Performance cost of passing by value vs. by refere

2019-02-11 16:09发布

站内文章 / C++

48 0

做个烂人

女 | 书童

私信

可以将文章内容翻译成中文,广告屏蔽插件可能会导致该功能失效(如失效，请关闭广告屏蔽插件后再试):

问题:

Let's consider an object foo (which may be an int, a double, a custom struct, a class, whatever). My understanding is that passing foo by reference to a function (or just passing a pointer to foo) leads to higher performance since we avoid making a local copy (which could be expensive if foo is large).

However, from the answer here it seems that pointers on a 64-bit system can be expected in practice to have a size of 8 bytes, regardless of what's being pointed. On my system, a float is 4 bytes. Does that mean that if foo is of type float, then it is more efficient to just pass foo by value rather than give a pointer to it (assuming no other constraints that would make using one more efficient than the other inside the function)?

回答1:

It depends on what you mean by "cost", and properties of the host system (hardware, operating system) with respect to operations.

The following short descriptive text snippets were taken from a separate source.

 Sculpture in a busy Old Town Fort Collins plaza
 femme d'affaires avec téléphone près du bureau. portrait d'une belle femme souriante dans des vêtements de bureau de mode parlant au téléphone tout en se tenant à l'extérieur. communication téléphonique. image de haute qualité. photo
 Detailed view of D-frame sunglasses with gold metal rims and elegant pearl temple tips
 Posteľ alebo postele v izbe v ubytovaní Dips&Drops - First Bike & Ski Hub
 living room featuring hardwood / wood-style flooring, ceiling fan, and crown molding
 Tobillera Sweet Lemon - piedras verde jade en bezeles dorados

If your cost measure is memory usage, then the calculation of cost is obvious - add up the sizes of whatever is being copied.

If your measure is execution speed (or "efficiency") then the game is different. Hardware (and operating systems and compiler) tend to be optimised for performance of operations on copying things of particular sizes, by virtue of dedicated circuits (machine registers, and how they are used).

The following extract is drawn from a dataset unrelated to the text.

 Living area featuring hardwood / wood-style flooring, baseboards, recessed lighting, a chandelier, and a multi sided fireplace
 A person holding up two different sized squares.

It is common, for example, for a machine to have an architecture (machine registers, memory architecture, etc) which result in a "sweet spot" - copying variables of some size is most "efficient", but copying larger OR SMALLER variables is less so. Larger variables will cost more to copy, because there may be a need to do multiple copies of smaller chunks. Smaller ones may also cost more, because the compiler needs to copy the smaller value into a larger variable (or register), do the operations on it, then copy the value back.

Examples with floating point include some cray supercomputers, which natively support double precision floating point (aka double in C++), and all operations on single precision (aka float in C++) are emulated in software. Some older 32-bit x86 CPUs also worked internally with 32-bit integers, and operations on 16-bit integers required more clock cycles due to translation to/from 32-bit (this is not true with more modern 32-bit or 64-bit x86 processors, as they allow copying 16-bit integers to/from 32-bit registers, and operating on them, with fewer such penalties).

It is a bit of a no-brainer that copying a very large structure by value will be less efficient than creating and copying its address. But, because of factors like the above, the cross-over point between "best to copy something of that size by value" and "best to pass its address" is less clear.

Pointers and references tend to be implemented in a similar manner (e.g. pass by reference can be implemented in the same way as passing a pointer) but that is not guaranteed.

The only way to be sure is to measure it. And realise that the measurements will vary between systems.

回答2:

There is one thing nobody mentioned.

There is a certain GCC optimization called IPA SRA, that replaces "pass by reference" with "pass by value" automatically: https://gcc.gnu.org/onlinedocs/gcc/Optimize-Options.html (-fipa-sra)

This is most likely done for scalar types (eg. int, double, etc), that does not have non-default copy semantics and can fit into cpu registers.

This makes

void(const int &f)

probably as fast (and space optimized)

void(int f)

So with this optimization enabled, using references for small types should be as fast as passing them by value.

On the other hand passing (for example) std::string by value could not be optimized to by-reference speed, as custom copy semantics are being involved.

From what I understand, using pass by reference for everything should never be slower than manually picking what to pass by value and what to pass by reference.

This is extremely useful especially for templates:

template<class T>
void f(const T&)
{
    // Something
}

is always optimal

回答3:

Does that mean that if foo is of type float, then it is more efficient to just pass foo by value?

Passing a float by value could be more efficient. I would expect it to be more efficient - partly because of what you said: A float is smaller than a pointer on a system that you describe. But in addition, when you copy the pointer, you still need to dereference the pointer to get the value within the function. The indirection added by the pointer could have a significant effect on the performance.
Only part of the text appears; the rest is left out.